50 poemas de revolta.

El que fue mi poemario de agosto lo compré en São Paulo aconsejada por Lucas (que me dijo al salir de la librería que había pensado regalarme su ejemplar si no lo encontrábamos) y lo leí un mediodía tirada en la arena de la Cala Grande del Barronal, en el Cabo de Gata, manchando las páginas de crema de sol y de jugo de melocotón que me resbalaba por las manos. Librito pequeño, pulcrísimo y naranja, 50 poemas de revolta es una antología (sí, ese formato al que tanta tirria tengo) de 34 poetas brasileños. «Clássicos e contemporâneos», reza la contraportada.
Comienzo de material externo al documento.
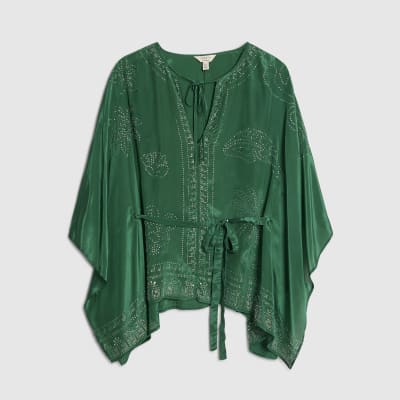 Green Embellished Kimono Top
¿Puede llamarse «antología» a la selección de uno o apenas dos poemas por persona? ¿Podemos extraer de ahí alguna pauta estilística, generacional, algún criterio métrico, algún sentido en lo que al autor o autora respecta? La negativa es evidente. Me parece mejor (desde luego, más fructífero e interesante) mirar el libro como un retrato colectivo de los y las desposeídas de Brasil. No hay búsqueda estilística alguna, relato generacional, indagación en el yo creativo, porque el librito naranja no es una antología: es una crónica del proceso por el que una clase toma consciencia de su situación de opresión y explotación y se rebela contra ella. Narrada a través de la expresión poética del proceso mismo.

Algo que me ha fastidiado siempre de la llamada poesía social (término acuñado en los 90 para no tener que reconocer un contenido político) es la pasmosa tranquilidad con que muchas veces se queda en la denuncia, en la descripción de la miseria, como si de un fenómeno natural inamovible se tratara. O peor: como si necesitáramos que nos lo contaran para saber que el mundo es una mierda. Una mezcla de la polémica clasemediera bienpensante en torno a la foto del niño Alan y el ¡Indignáos! de Stéphane Hessel. El horror.
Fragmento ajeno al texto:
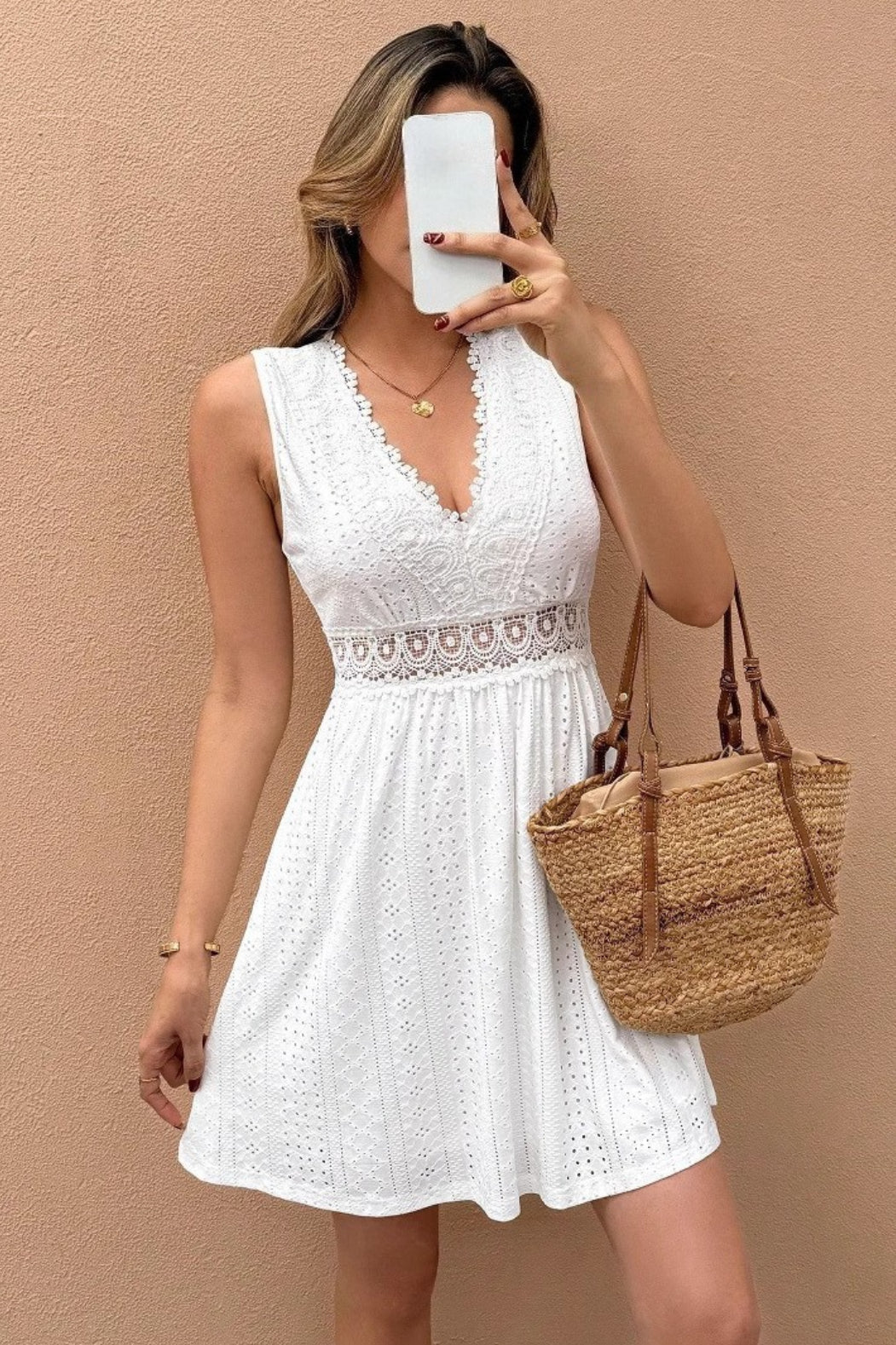 Sleeveless V-Neck Lace Crochet Eyelet Fit and Flare Mini Dress - View 5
Me ha gustado el librito porque huye de eso: no nos ofrece una compilación de poetas sociales sino una ventana a los procesos de organización y lucha que se dan y se han dado en Brasil en el último siglo. No meanicista, claro, no de un modo panfletario. Pero leyéndolo, una puede saber dónde están las palancas desde las que organizar el conflicto (nada nuevo, en fin: comida, vivienda, trabajo) y también cuáles son los humores, los estados de ánimo, los amores y las melancolías que se construyen en ese caldo.

Demasiados nombres (¡34!) como para hacer una indagación mínima de cada uno de ellos. En general he preferido los gritos (Alice Ruiz, Ferreira Gullar, Torquato Neto), pero la genealogía tranquila de Conceiçao Evaristo en «Vozes-mulheres» me pareció de los poemas más bonitos, sonreí irónica con Ledusha («feminista sábado domingo / segunda terça quarta / quinta e na sexta / lobiswoman») y es siempre una cosa chula toparse con Vinícius de Moraes. 50 poemas de revolta ha sido, en fin, una oportunidad genial para atreverme a leer en portugués (qué idioma precioso), con la promesa de cosas más grandes que tengo pendientes.